What is being asked: Beginning with the line of the entries below that holds "Plantes pour sols légers et caillouteux" and ending with the line that holds "Dendrocygne des Antilles", transcribe each line exactly as written. Pictures stay out.

Records for processing:
== == ==

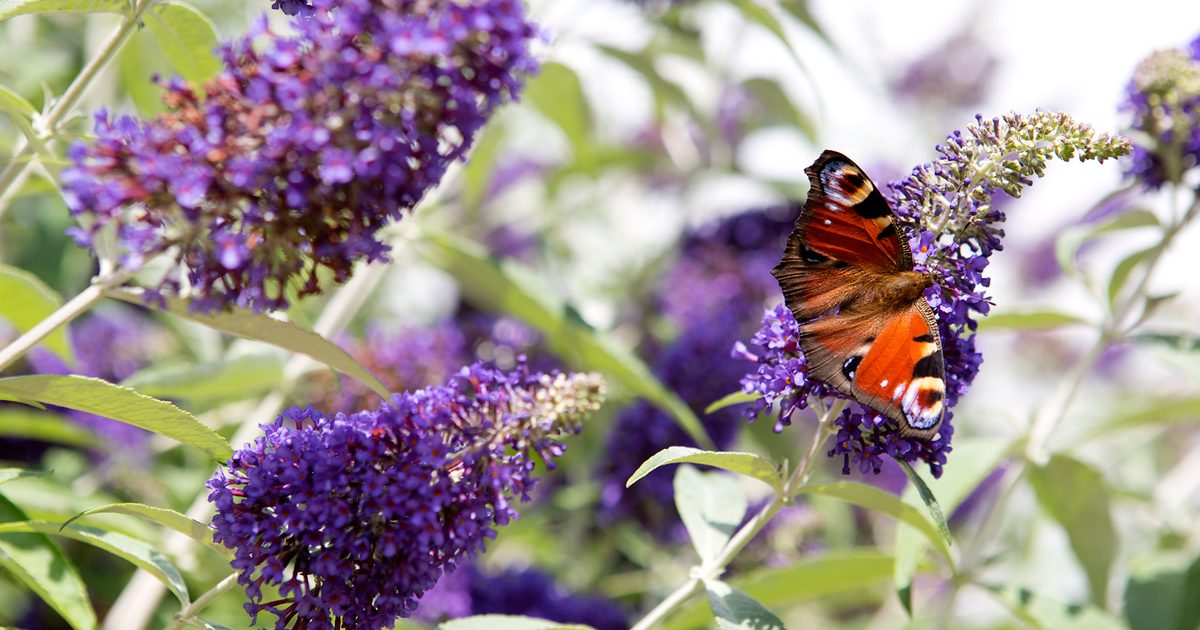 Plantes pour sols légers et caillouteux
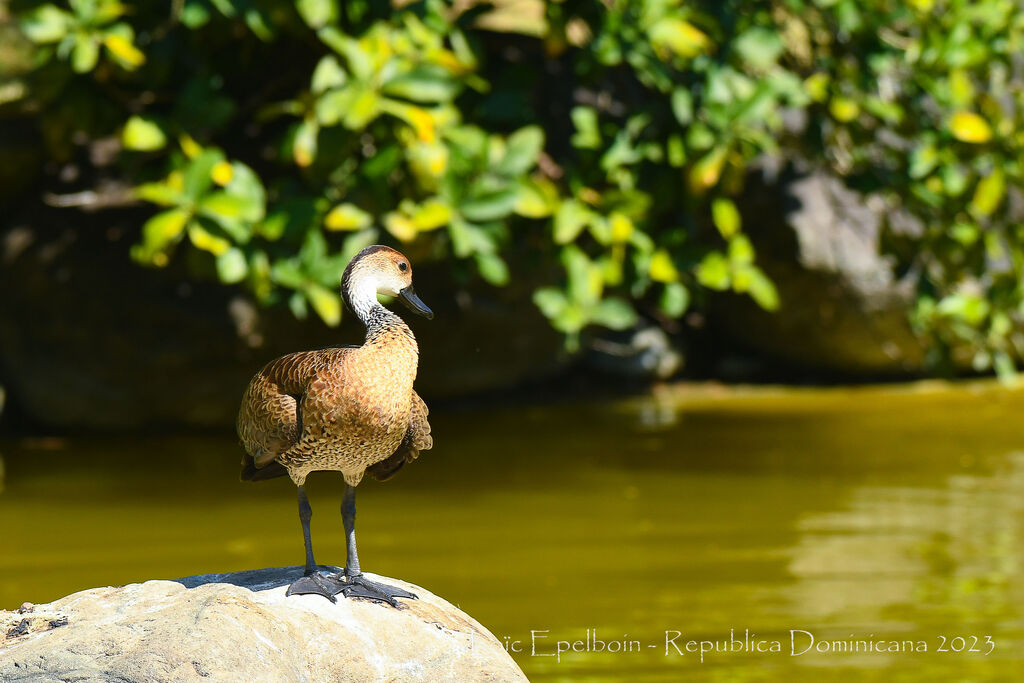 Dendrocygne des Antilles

== == ==

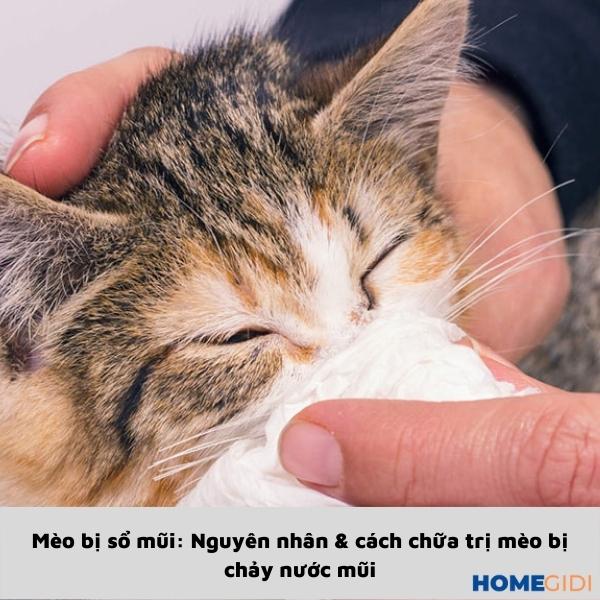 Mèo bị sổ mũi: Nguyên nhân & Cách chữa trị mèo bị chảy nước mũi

== == ==

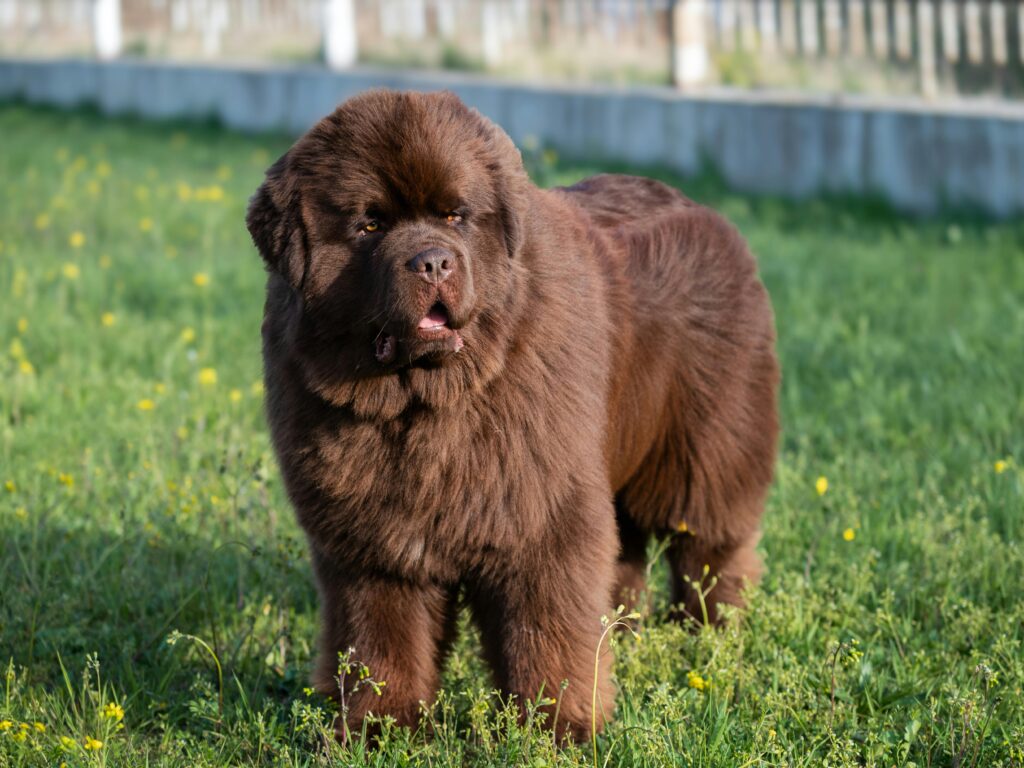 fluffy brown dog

== == ==

Result of the exercise:
 Plantes pour sols légers et caillouteux
 Dendrocygne des Antilles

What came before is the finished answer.